All of my other impactions have allowed me to either swallow eventually or vomit. However, these usually require help from Dan. To get the food to move, I have Dan slap me pretty hard between the shoulder blades a few times (well, thump on my back, not just slap). It’s very similar to the infant Heimlich Maneuver. I will also attempt to swallow ice water or cough (depending on where I feel the food is stuck). It’s extremely uncomfortable, but it will work eventually. (My doctors get very wide-eyed when I mention these methods, please do not use these without consulting your doctor. Removal in the ER is the only safe way to deal with an impaction.)
What does a long-term flare feel like? A long-term flare is the most obnoxious type of flare. These can last anywhere from a few hours up to several days. Thankfully, long-term flares aren’t as scary now that I have a diagnosis, since I know what is happening. My last long-term flare was an entire day, so I’ll kind of outline it for you so you can get an idea of what they feel like (they all feel similar).
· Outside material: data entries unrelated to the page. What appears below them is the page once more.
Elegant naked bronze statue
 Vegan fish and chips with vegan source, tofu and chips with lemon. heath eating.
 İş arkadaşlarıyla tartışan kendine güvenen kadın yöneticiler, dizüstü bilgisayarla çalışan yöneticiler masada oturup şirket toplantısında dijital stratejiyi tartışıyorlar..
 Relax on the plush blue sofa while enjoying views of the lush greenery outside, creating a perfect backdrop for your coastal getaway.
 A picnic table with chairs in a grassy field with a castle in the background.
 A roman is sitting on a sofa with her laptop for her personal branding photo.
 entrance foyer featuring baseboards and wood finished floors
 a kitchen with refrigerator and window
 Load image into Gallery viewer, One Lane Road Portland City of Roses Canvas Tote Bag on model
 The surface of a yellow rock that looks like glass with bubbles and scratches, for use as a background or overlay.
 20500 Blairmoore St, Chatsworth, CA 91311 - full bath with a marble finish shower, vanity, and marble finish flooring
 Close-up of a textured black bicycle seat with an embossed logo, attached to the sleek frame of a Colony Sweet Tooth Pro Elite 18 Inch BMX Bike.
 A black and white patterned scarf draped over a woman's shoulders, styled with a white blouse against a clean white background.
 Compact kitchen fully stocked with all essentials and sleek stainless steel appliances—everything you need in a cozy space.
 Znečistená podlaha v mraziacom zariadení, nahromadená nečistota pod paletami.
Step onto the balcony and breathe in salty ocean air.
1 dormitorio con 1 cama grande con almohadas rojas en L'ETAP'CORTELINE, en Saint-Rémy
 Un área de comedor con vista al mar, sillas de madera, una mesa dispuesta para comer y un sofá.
I woke up with a lot of phlegm in my throat and coughing slightly. After I got some of the phlegm to clear, it was slightly painful to swallow – it felt as if something was coating my throat and making it narrow. I thought it was just excess phlegm at first, so I went and ate breakfast. For breakfast, I had oatmeal (which is really soft), and it was extremely painful to swallow – that’s when I realized it was an EoE flare. As soon as I realized I was flaring, I went and took some liquid Benadryl and set a timer for four hours to take my next dose. Then, I had yogurt for lunch, and that was getting stuck. The constant gag reflex happening was making me extremely nauseous, and I was getting pretty hungry. I took Benadryl pills at 4 hours, which were very difficult to get down. Then, at dinner, my first bite got stuck. So I went into a bit of a coughing fit, took more liquid Benadryl, and finished my dinner. After dinner, the last bite was still stuck in my throat, but it was only a partial impaction (I could still swallow liquids). I decided a small walk might help move things around, and thankfully it did. But my throat was extremely sore for the rest of the night. Thankfully, after even more Benadryl, some NSAIDs, and some sleep (along with my normal medications for allergies), I was feeling better the next morning.
As you can see, long-term flares are a slower form of the reactions. For me, the longer term flares do not usually involve full impactions, or they will only occur with dinner. I try to eat as much soft food as possible, and drink plenty of fluids.
The scariest part about EoE is that it can cause permanent damage to the esophagus. The more flares, especially intense ones, the worse the damage can be. Eventually, the scarring left by the inflammation can render your esophagus totally useless. Thankfully, at this point, I do not have much scarring in my esophagus.
How do I manage it? I’m on tons of medications for allergies. I take four different medications to help with my systemic allergies, and then I take ranitidine (Zantac) twice a day specifically for the EoE. Keeping my systemic allergies calmed down definitely helps with the EoE reactions, but is very difficult. One of the usual courses of treatment for EoE is taking something like Pepcid or another acid blocker, but those made me extremely sick and did not help my EoE at all. Yes, Zantac is a heartburn medication, but it works completely differently from Pepcid. Thankfully, ranitidine and my allergy medications help a lot and it doesn’t flare as often as it used to.